Las aventuras que encontramos en las páginas del libro no guardan relación con la vida monacal. Nadie atenta contra ningún monje ni contra una religiosa. En el primero de los cuatro relatos – “Al final del partido”- la víctima es un futbolista, integrante de la selección chilena, que muere asesinado en el camarín del estadio mientras se duchaba después de un entrenamiento. Una historia similar es la que contó Juan Cristóbal Guarello en su novela “Un muerto en el camarín”. Claro que Guarello es periodista deportivo, no es monje benedictino. En cualquier caso, resulta muy ingeniosa la manera de que se vale el autor para acercar a sor Helena al mundo del fútbol: el entrenador de la selección es un católico fervoroso, que regala al convento una máquina de trotar para que las monjas hagan ejercicio. El obsequio entusiasma a las hermanas mayorcitas, abundantes en kilos y grasa de más. A sor Helena, joven y delgada, no la entusiasma para nada, pero solidaria, como debe ser, acude a los camarines del estadio para conocer el funcionamiento de las máquinas trotadoras y ver en qué falla la del convento. Y bueno, consigue descubrirlo y descubrir, además, quién y cómo ultimó al ídolo de la selección, Ian Pérez, y a un segundo futbolista, capitán del seleccionado nacional, por añadidura.

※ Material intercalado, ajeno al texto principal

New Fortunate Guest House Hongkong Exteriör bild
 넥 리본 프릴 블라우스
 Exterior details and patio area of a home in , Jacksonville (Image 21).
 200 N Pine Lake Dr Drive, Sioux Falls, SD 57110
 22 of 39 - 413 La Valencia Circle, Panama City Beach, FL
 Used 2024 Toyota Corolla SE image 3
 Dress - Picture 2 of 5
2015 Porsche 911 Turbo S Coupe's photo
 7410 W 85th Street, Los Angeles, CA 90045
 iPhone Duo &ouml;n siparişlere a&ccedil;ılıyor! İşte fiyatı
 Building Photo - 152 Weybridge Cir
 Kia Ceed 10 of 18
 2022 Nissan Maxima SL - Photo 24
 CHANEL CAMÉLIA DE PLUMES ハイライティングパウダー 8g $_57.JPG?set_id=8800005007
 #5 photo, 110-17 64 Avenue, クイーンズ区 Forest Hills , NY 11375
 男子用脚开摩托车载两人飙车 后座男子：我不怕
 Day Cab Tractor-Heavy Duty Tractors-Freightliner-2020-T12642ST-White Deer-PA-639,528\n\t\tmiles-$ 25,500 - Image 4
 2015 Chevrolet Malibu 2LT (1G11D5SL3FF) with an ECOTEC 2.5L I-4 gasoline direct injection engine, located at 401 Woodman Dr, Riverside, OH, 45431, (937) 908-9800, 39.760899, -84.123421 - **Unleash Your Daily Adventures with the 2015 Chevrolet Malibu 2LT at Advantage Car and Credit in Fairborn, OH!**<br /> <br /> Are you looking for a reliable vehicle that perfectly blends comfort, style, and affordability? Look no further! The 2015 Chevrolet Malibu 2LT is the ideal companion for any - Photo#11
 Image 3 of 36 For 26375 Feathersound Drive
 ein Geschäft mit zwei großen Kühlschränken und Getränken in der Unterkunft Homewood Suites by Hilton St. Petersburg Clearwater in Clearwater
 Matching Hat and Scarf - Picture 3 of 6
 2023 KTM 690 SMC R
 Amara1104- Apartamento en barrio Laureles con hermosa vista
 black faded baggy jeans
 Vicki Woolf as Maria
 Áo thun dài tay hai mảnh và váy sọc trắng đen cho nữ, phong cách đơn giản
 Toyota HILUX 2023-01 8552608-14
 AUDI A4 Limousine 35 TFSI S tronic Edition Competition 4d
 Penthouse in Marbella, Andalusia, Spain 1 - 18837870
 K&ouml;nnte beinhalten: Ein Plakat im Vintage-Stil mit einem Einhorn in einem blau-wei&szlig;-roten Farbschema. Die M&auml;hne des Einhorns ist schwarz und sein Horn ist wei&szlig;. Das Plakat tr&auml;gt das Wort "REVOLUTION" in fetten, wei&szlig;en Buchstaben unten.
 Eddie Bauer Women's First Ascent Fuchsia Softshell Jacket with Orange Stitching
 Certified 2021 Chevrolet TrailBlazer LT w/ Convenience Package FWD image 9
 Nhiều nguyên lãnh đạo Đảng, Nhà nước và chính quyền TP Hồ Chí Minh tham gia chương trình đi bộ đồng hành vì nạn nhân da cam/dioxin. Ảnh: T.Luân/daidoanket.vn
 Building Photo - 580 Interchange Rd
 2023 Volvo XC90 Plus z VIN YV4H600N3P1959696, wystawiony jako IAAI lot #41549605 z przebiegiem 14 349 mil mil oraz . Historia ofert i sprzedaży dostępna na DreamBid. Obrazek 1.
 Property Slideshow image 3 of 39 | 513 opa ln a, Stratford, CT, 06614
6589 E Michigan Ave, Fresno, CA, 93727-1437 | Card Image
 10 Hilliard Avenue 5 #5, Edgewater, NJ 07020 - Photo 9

En el segundo relato –“Muerte en “Le coeur du the”-, cambiamos el escenario por completo. Se aproxima la Navidad y sor Helena va a dejar una caja de dulces hechos por las monjas a un negocio de té. Va en uno de los dos autos del convento: un Isetta 300, el “huevo móvil” de los años sesenta, rojo, con dos franjas amarillas que lo atravesaban por el medio. Cuando llega a entregarlos, se encuentra con que “una mujer mayor de canoso cabello estaba sentada detrás de su escritorio, sus brazos colgaban inertes a ambos lados del asiento, la mirada se posaba fijamente en el techo, su cuello ostentaba una cinta escarlata y su boca se abría dejando ver que algo brotaba dentro de ella”. (Pág. 120)
Ahora el desenlace es al estilo de Poirot, en las novelas de Agatha Christie, con todos los personajes reunidos en una habitación y el héroe explicando el caso y acusando al autor. Aquí el héroe es la heroína, sor Helena.
En la tercera historia –“Allí hay gato encerrado”- sor Helena es raptada por un par de hermanos gemelos, hombre y mujer, malhechores, quienes esperan conseguir que la monja, con sus capacidades deductivas, encuentre el testamento de su tía, que ha fallecido hace algunos años. Aquí la historia se traslada de Santiago al pueblo de Cunaco, a una casa antigua y señorial, y también interviene un campamento de gitanos instalados en los alrededores. Hay una variación porque no se trata de un homicidio, sino de sacar a luz una fechoría de los gemelos y poner de relieve ciertos valores positivos, encarnados aquí por los gitanos.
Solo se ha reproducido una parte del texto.